A week ago, the EPA released a 300 page revision to the Waters of the US rule. Farm groups have been studying the revision, and their conclusion is not favorable. The EPA claimed the revision would clarify the new water regulations and take into account the concerns of the agricultural community. Joe Steinkamp, a corn and soybean producer in Vandenberg County and board member of the Indiana Soybean Alliance, says the revised rule provides no clarity for farmers, “They say there would be no new requirements for agriculture and that current exemptions would continue, but the language in the rule leaves that possibility open.” He added there are many parts of the rule that will be left to the interpretation and discretion of regulators, something that concerns farmers a great deal. Steinkamp told HAT the input the EPA reviewed from farmers and the ag community was basically ignored, “They say they are listening, but the truth is they are not hearing what we are asking for.”
Ironically, the goal of the EPA and the goal of farmers is the same: to insure a clean and safe water supply. “Our goal is to produce food and fiber both sustainably and soundly and keep our water and our land a good as possible,” said Steinkamp. “On our farm we drink water from the Ohio river, so I want this water to be safe for my kids to drink and for my neighbors to drink.”
Josh Kirkpatrick, a farmer from Fountain County and chairman of the Indiana Soybean Alliance policy committee, said the revised rule was issued as a final rule that allows no opportunity for comment, “We are disappointed that we were not given the chance to comment on EPA’s revision to the rule.
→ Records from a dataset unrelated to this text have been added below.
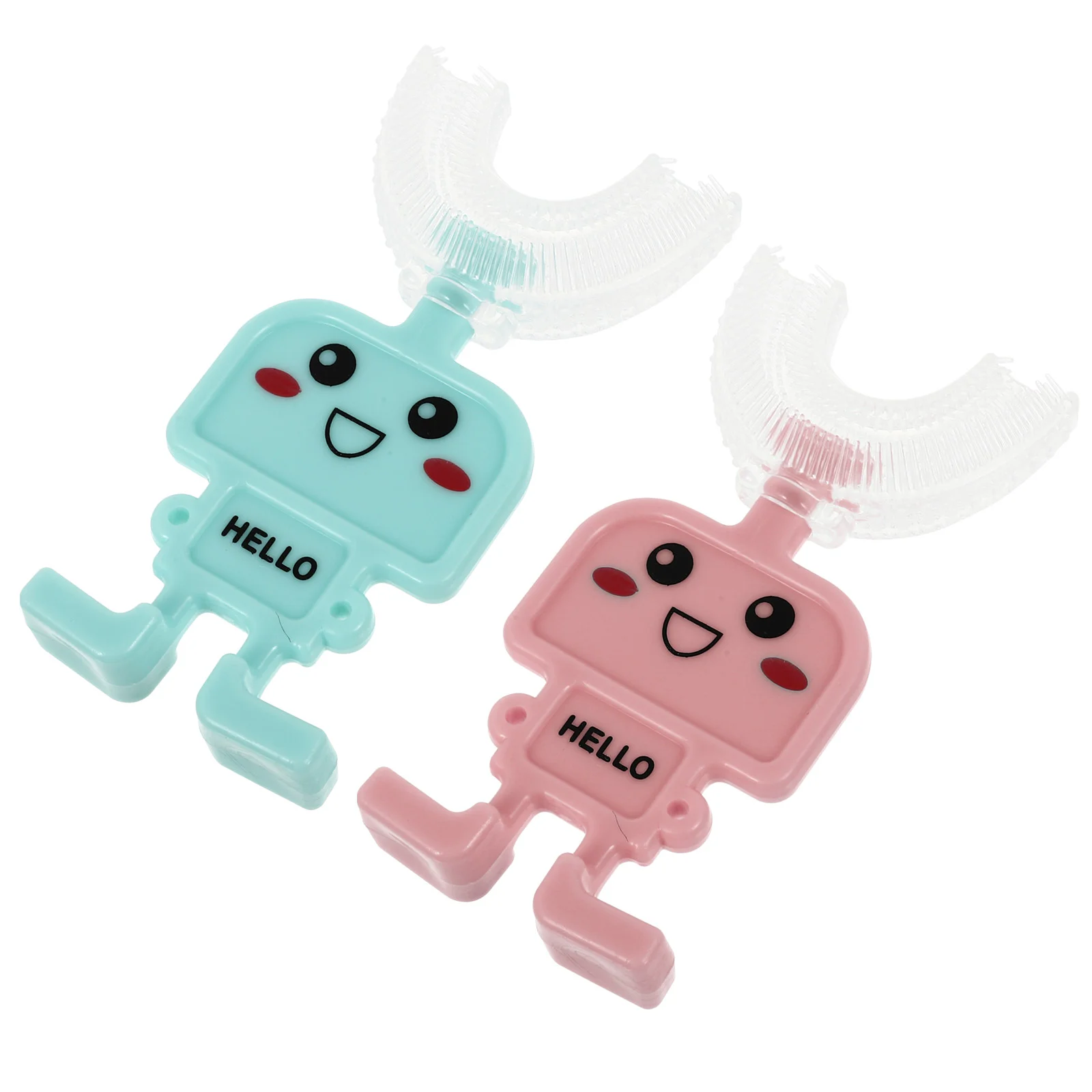 ka dla dzieci szczoteczka do zębów w kształcie litery U szczoteczki Food Grade narzędzie czyszczenia Abs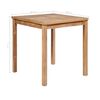 vidaXL Table de jardin 80x80x77 cm Bois de teck solide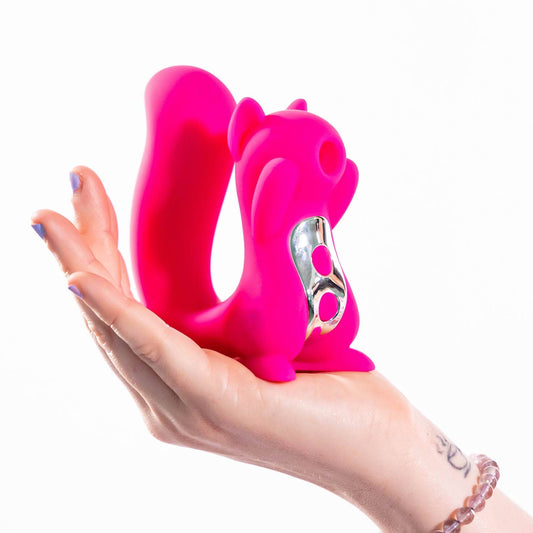 Screaming Squirrel Dual Motor Air Pulse & G-Spot Vibrator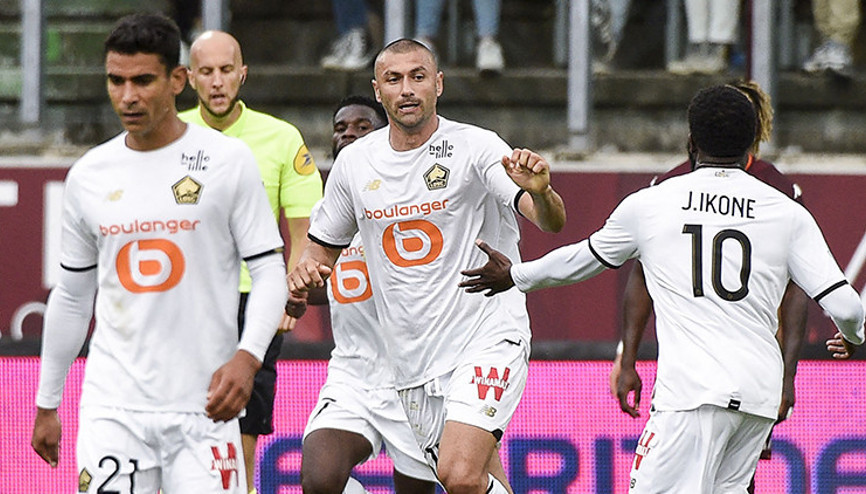 Burak Yılmaz son dakikada sahne aldı, Lille puanı kaptı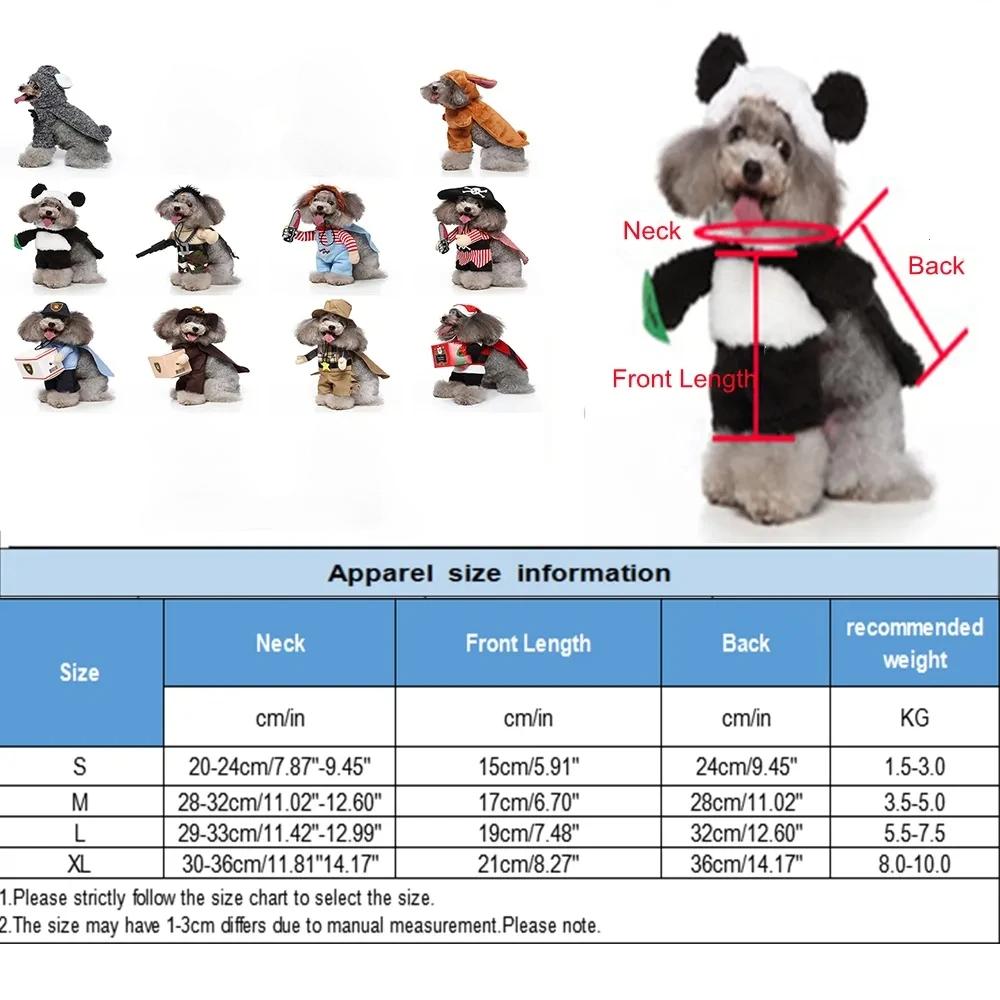 Милый костюм панды, забавная одежда, костюм для косплея собаки, забавный наряд, новинка для питомца, комплект костюмов для праздника, вечеринки, собаки, почтальона, Рождества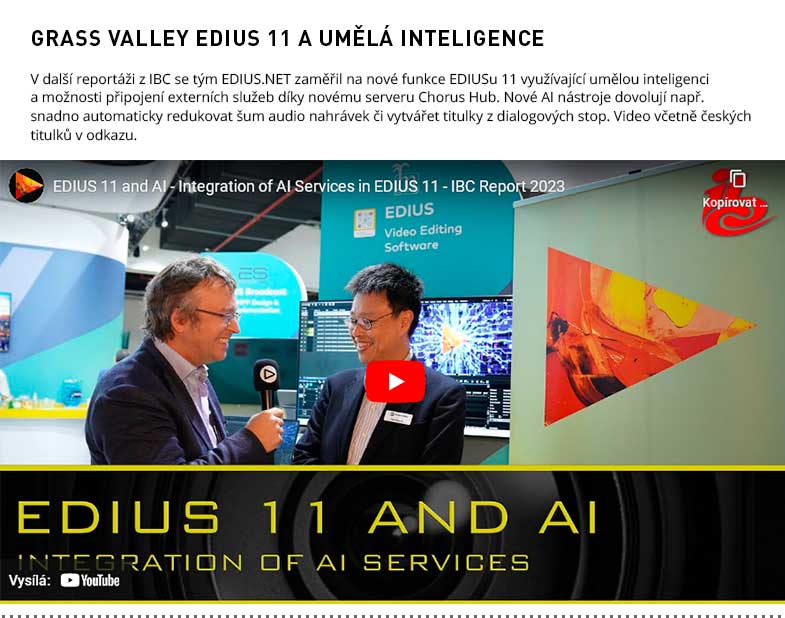 EDIUS 11 AI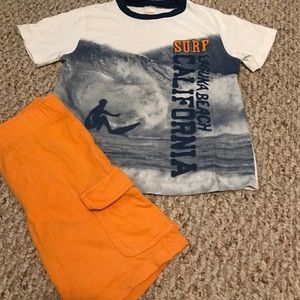 Boys shorts and shirt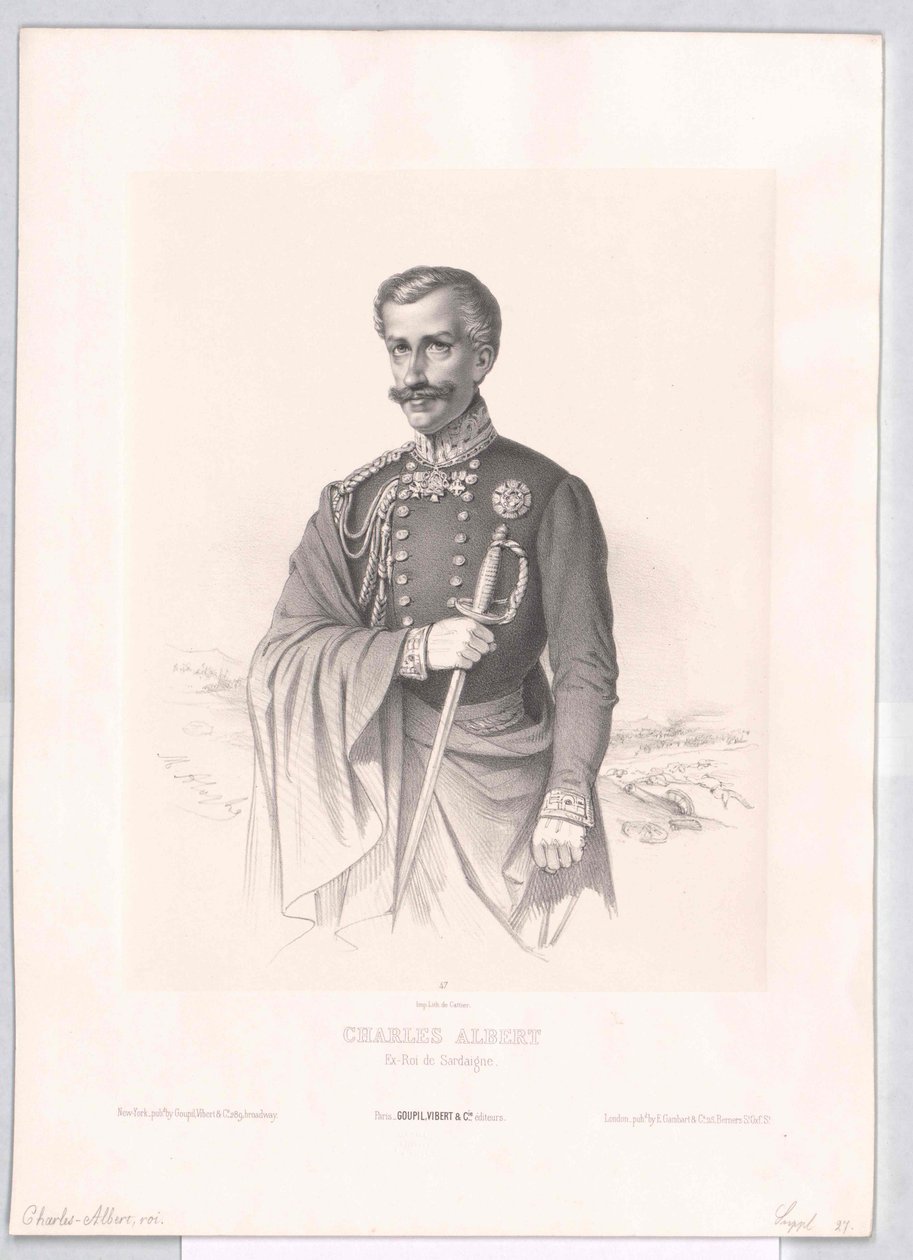 King Charles Albert of Sardinia by Artist Unknown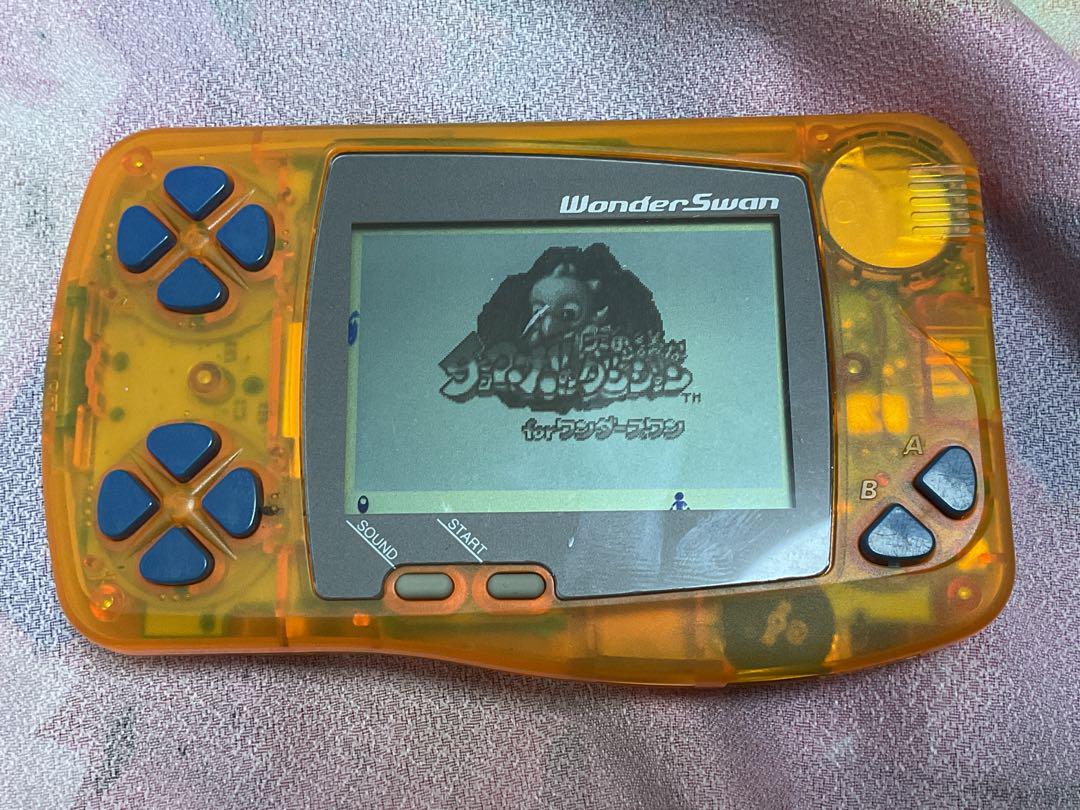 ワンダースワン　デジモン限定　クリアオレンジ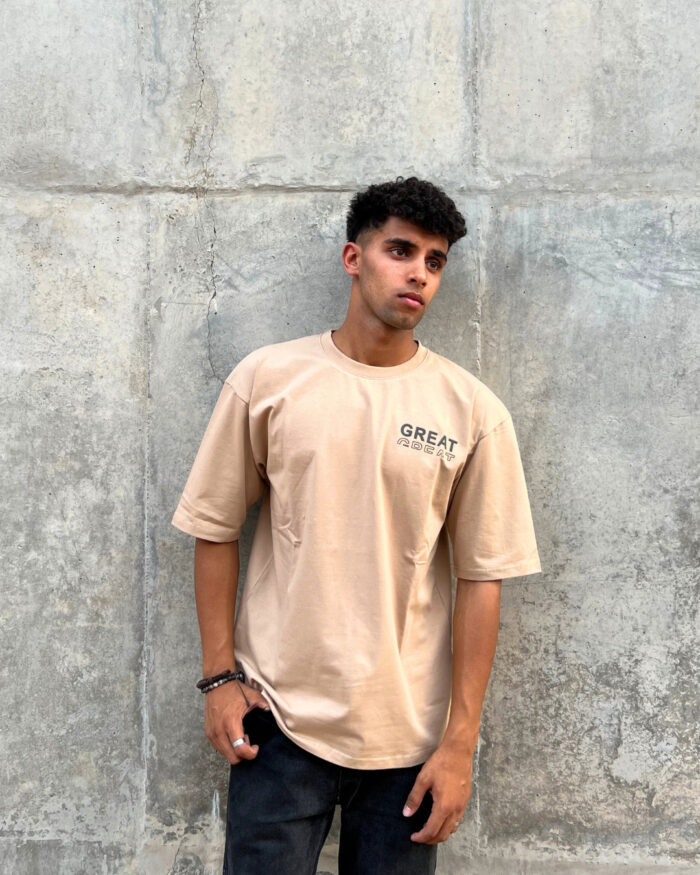 3_3fe00c3e-c1e1-4139-af5d-205affed1f11 Sand Short-Sleeved, Oversized T-shirt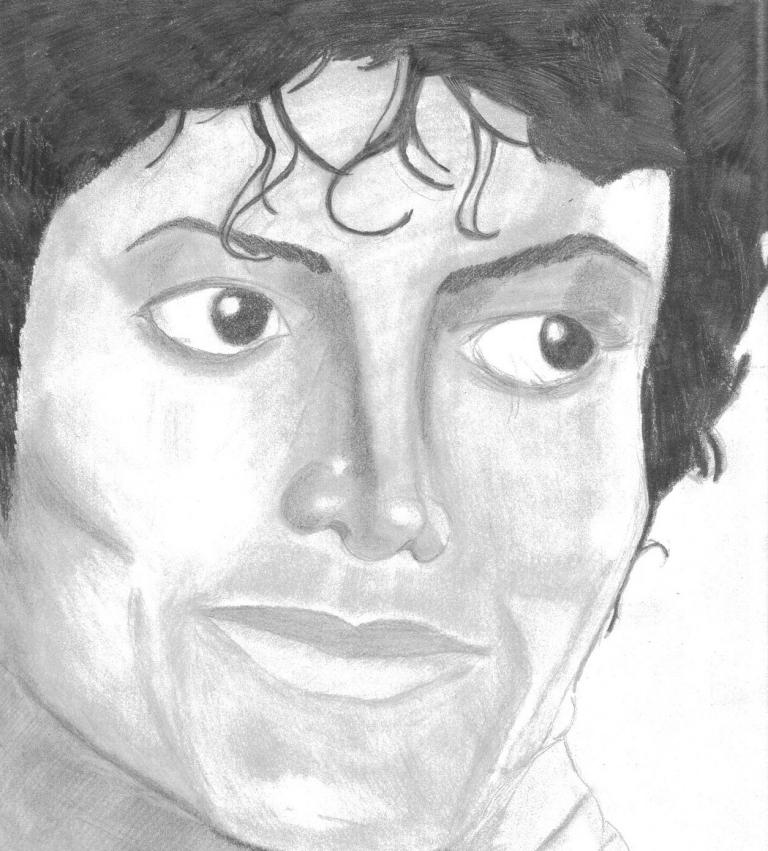 MY VERY FIRST MJ DRAWING :)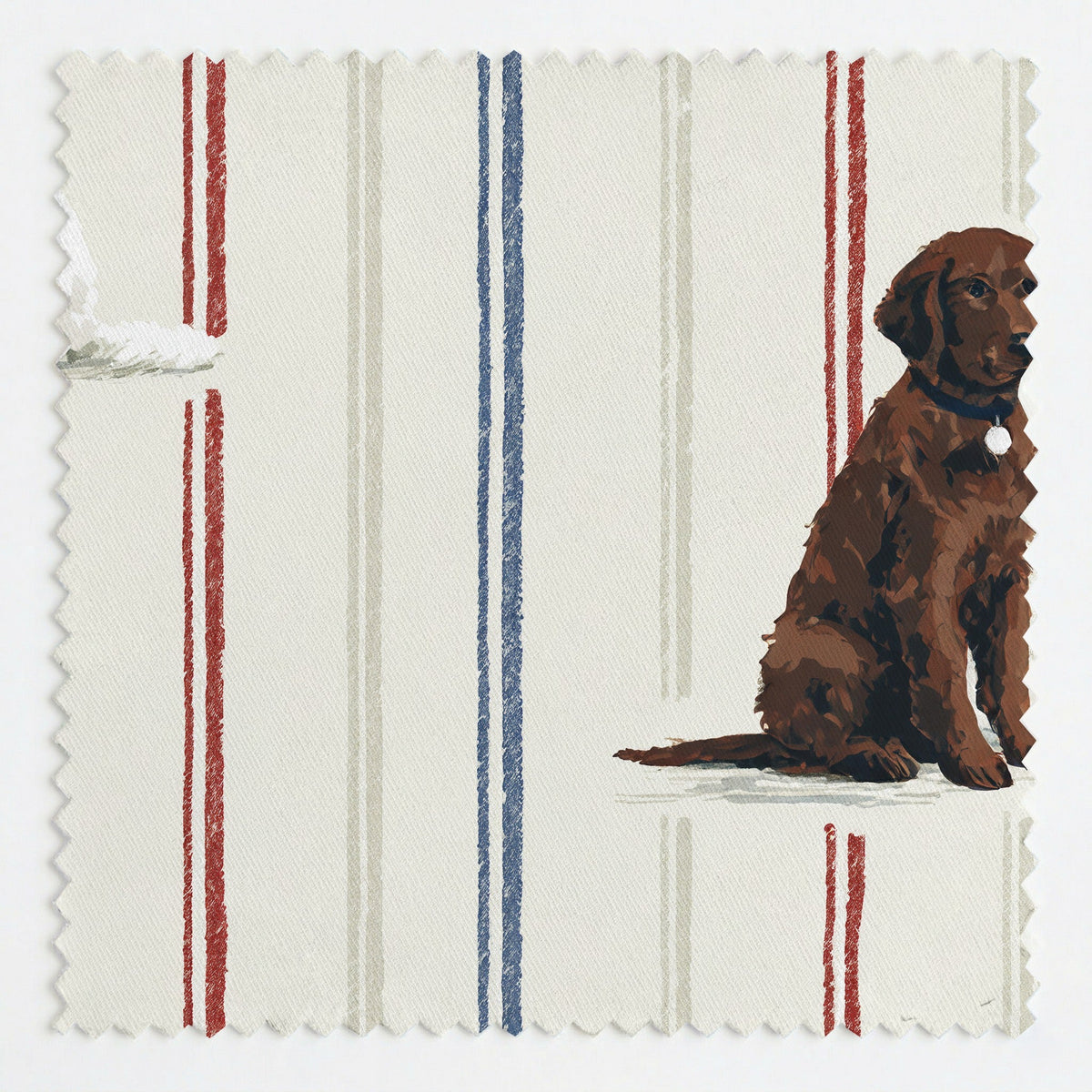 The Retriever Reunion - Fabric - Painted Paper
We voiced strong opposition to the original version of WOTUS; and while we are encouraged by the agency’s willingness to revisit the rule and potentially address farmer concerns, we will work diligently to make sure the rule does not negatively impact everyday soybean farming operations. The EPA has promised as such, but we believe allowing farmers to comment on the rule would allow the public to see the challenges farmers face as a result of it.”
At issue is who will have control of the water supply. Farm groups say the rule still gives the EPA control over not only rivers and lakes but over ponds and ditches on private land.
Indiana Senator Joe Donnelly has introduced a bill in the Senate to scrap the current EPA revised rule and start all over again, something Steinkamp and most farm groups applaud.